Numéro de requête R03/917

Date
Instance
REC NL
Marque
CREATING PERFORMANCE TECHNOLOGY
Numéro de dépôt
Déposant
SÜD-CHEMIE A.G.
Texte
Numéro de requête: R03/917
 
SÜD-CHEMIE A.G. contre BBM
AU NOM DE LA REINE
 
Prononcé: 8 avril 2004
Numéro de requête: R03/917
 
La cour d’appel de La Haye, chambre MC-5,
 
a rendu l’ordonnance suivante à la requête de :
 
La société de droit étranger SÜD-CHEMIE A.G.,
dont le siège est à Munich, Allemagne, requérante,
(dénommée ci-après : Süd-Chemie)
avoué: Me P.J.M. von Schmidt auf Altenstadt,
avocats: Me D.J.G. Visser et Me B.R.J. van Ramshorst à Amsterdam,
 
contre
 
Le BUREAU BENELUX DES MARQUES,
dont le siège est à La Haye, défendeur,
(dénommé ci-après : le Bureau Benelux des Marques)

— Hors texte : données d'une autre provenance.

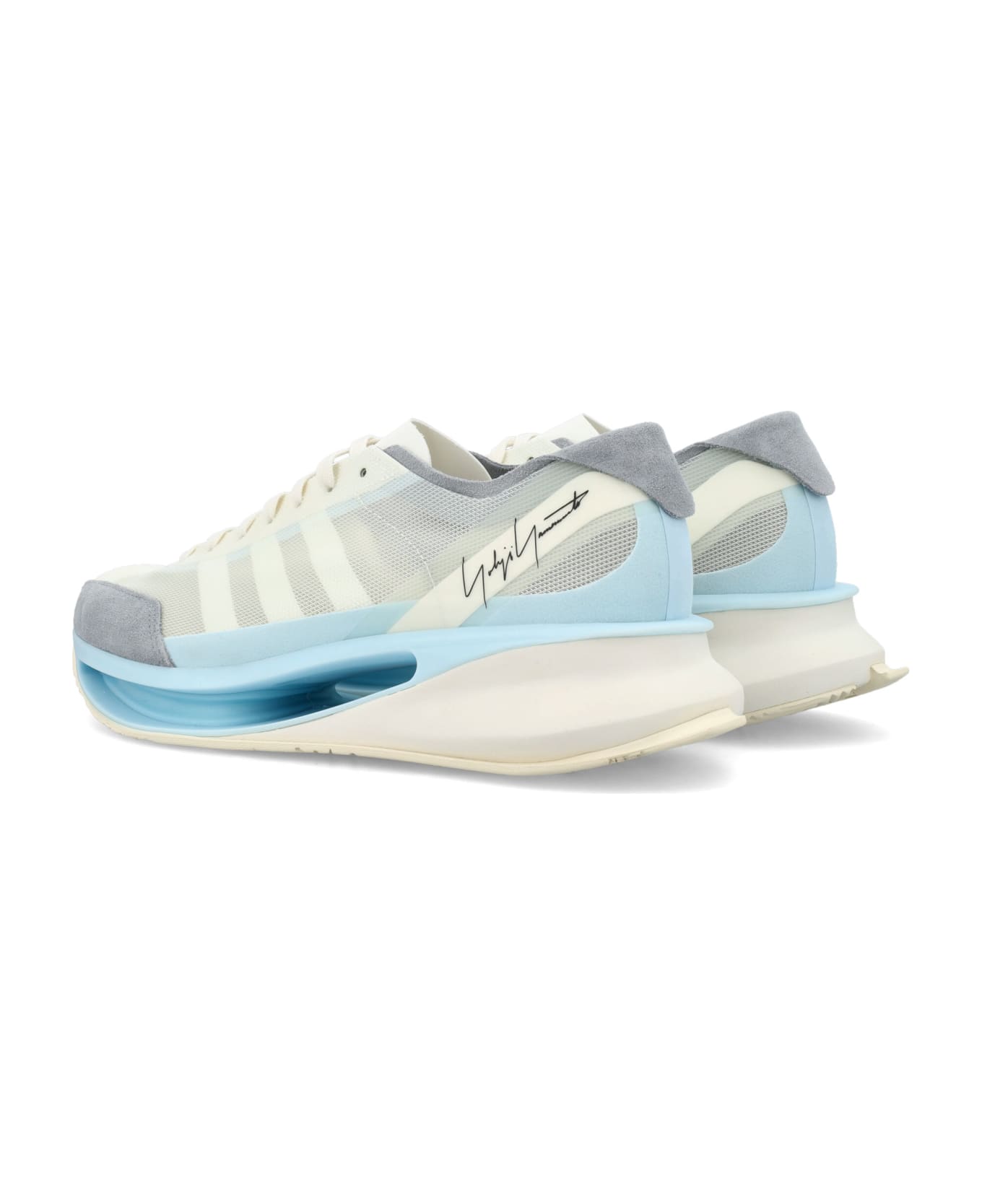 Y-3 Gendo Run Sneakers - LIGHT BLUE WHITE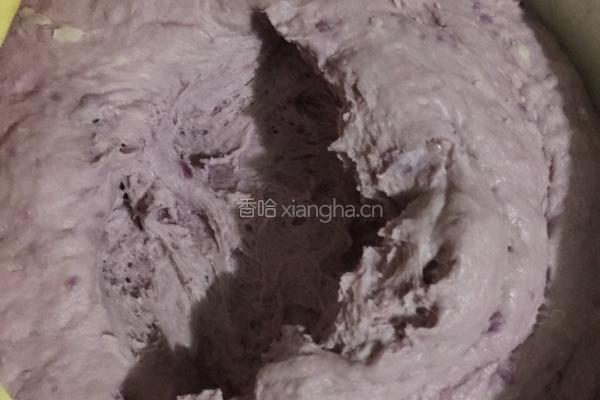 紫薯馒头的做法图解3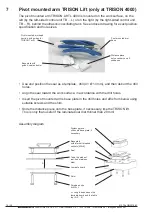 Preview for 16 page of BANDELIN TRISON 3000 L Project Planning Instructions, Installation Instructions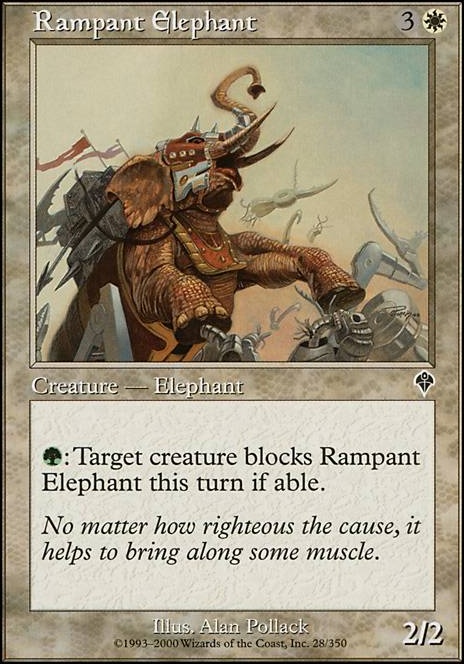 Rampant Elephant feature for Haradrim, Men of the East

avoué : Me C.J.J.C. van Nispen.
 
La procédure
 
Par requête (avec annexes numérotées de 1 à 4), parvenue au greffe de la cour le 14 octobre 2003, Süd-Chemie a demandé à la cour, en ordre principal, d’ordonner au Bureau Benelux des Marques d’enregistrer le signe déposé sous le numéro d’enregistrement international 780 026 CREATING PERFORMANCE TECHNOLOGY comme marque verbale, subsidiairement, d’ordonner au Bureau Benelux des Marques d’enregistrer le signe en ajoutant dans chaque classe de produits pour laquelle l’enregistrement est demandé que le signe n’est pas revendiqué en ce qui concerne la création de technologie à haute valeur ajoutée, dépens comme de droit.
 
Le Bureau Benelux des Marques a demandé, par mémoire en défense (avec annexes numérotées de 1 à 4), parvenu au greffe de la cour le 20 novembre 2003, de rejeter la requête de Süd-Chemie, dépens comme de droit.
 
Par lettre parvenue au greffe de la cour le 8 mars 2004, Süd-Chemie a ensuite versé au dossier des pièces numérotées de 5 à 8.
 
L’audience de plaidoiries sur la requête a eu lieu le 15 mars 2004. Les parties ont fait exposer leurs points de vue à cette occasion, Süd-Chemie par Me Van Ramshorst, préqualifié, et le Bureau Benelx des Marques par Me Van Nispen, préqualifié, tous deux à l’aide de notes de plaidoirie.
 
Examen de la requête
 
1.         La requête a été introduite dans le délai.
 
 
2.         Les pièces de la procédure et les allégations des parties ont fait apparaître ce qui suit :
a. Süd-Chemie a déposé le 6 novembre 2001, sous le numéro d’enregistrement international 780 026, le signe CREATING PERFORMANCE TECHNOLOGY comme marque verbale pour un grand nombre de pays, dont ceux du Benelux, ce pour les produits en classes 1, 2, 3, 19 et 31, à savoir:
 
Cl. 01 Chemical products for use in industry, in particular clays and clay minerals included in this class, earths tor bleaching, adsorbents and drying agents, preparations for use as auxiliaries in foundries, swelling agents and thickening agents, all based on clays, suspensions for use as drilling fluids or drilling muds, fillers, carrier substances, mineral acids, catalysts and carrier substances for catalysts, preparations for purification of water and waste water; chemical products for use in agriculture, horticulture and forestry; chemical products for use in science.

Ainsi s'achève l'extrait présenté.